Peter Dunne questioning if NZDF is covering up American soldiers' actions in Afghanistan raid
Without an inquiry into alleged civilian deaths in a raid involving elite Kiwi troops there's no stopping speculation, including a possible cover-up by the New Zealand Defence Force for the actions of American soldiers, says Peter Dunne.
The United Future leader and Minister of Internal Affairs says in the "absence of a clearer disclosure as to what actually happened you're left with all sorts of interesting possibilities".
Authors Nicky Hager and Jon Stephenson, in their recently released book Hit and Run, alleged SAS troops were involved in raids on two villages in Afghanistan in 2010 that left six civilians dead, including a three-year-old girl.
NZDF Chief of Defence Lieutenant General Tim Keating has strongly denied the allegations and on Wednesday Hager and Stephenson conceded the location of the villages in their book was wrong, but while the NZDF had the right location, they had the wrong villages.
* Hit and Run authors concede they got a location wrong
* Villagers engage NZ lawyers over SAS raid
* As it happened: NZDF condemns book allegations
* Bill English says SAS inquiry unlikely
On Thursday NZDF released a new document directly comparing where Operation Burnham took place to where the authors claimed it took place in the book.
Dunne said the unanswered questions are precisely why a specific inquiry was needed to determine the facts.
"Is it possible, when Keating says 'I've seen the video, I know what happened and New Zealanders weren't involved', that he's also seen some other things on the video that he doesn't want to acknowledge, because they could be rather delicate in terms of our relations with the Americans, for example.
"Now I've got no evidence to suggest that's the case but my point really was that in the absence of a clear explanation of what actually happened, you're left open to all these possibilities," he said.
If it was a cover-up for the Americans you could understand the motive, Dunne says, as it "wouldn't be in New Zealand's interests at the moment to rock the boat by dropping the United States in it".
Dunne said the government's backing away from an inquiry - on Wednesday the Prime Minister said there was still no "credible evidence" that civilians were killed - is starting to look like they're hoping "public interest will wane".
"I don't think that's good enough.
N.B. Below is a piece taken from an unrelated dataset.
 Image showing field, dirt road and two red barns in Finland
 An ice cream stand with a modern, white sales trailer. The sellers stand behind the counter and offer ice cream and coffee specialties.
I don't think on the other hand that just because Nicky Hager's made some allegations they need to be automatically investigated but there is enough in this story ... to make you think that it warrants some further examination."
The SAS's reputation is "enviable" for being "highly skilled and professional" and needs to be protected, he said.
"I just think (NZDF) trying to shut up shop and pretend this is all a non-event doesn't help that reputation - it potentially detracts from it.
"At the moment you're left with this bigger question of something happened, we don't know what it was and on the face of it it doesn't look good."
WAYNE MAPP SAYS FULL INQUIRY NOT NEEDED
Former Defence Minister Wayne Mapp, who was in Afghanistan at the time of the raid, in a post on Pundit has said both Kiwi soldiers and Afghanis can be "honoured" by finding out what happened the night of the August raid - but a full inquiry may not be needed.
"In August 2010 when Operation Burnham took place I was in Afghanistan on a visit arranged months before. I understood that the operation was among the most significant operations that New Zealand had undertaken in Afghanistan.
"I had been fully briefed on the plan on the morning before it took place. Based on the briefing, and on the advice of the military professionals, I recommended that it proceed," he wrote in a post on Pundit.
While Mapp says he has no doubt the SAS acted to the highest ethical standards, he also knew knew that the operation had not achieved its stated aims of arresting or otherwise dealing with the people targeted.
"For me, it is not enough to say there might have been civilian casualties. As a nation we owe it to ourselves to find out, to the extent reasonably possible, if civilian casualties did occur, and if they did, to properly acknowledge that."
But Mapp says that doesn't "necessarily require an independent inquiry".
"In fact we are most likely to get this sort of information through diplomatic approaches to the Afghan government, and trusted NGO's on the ground," he said.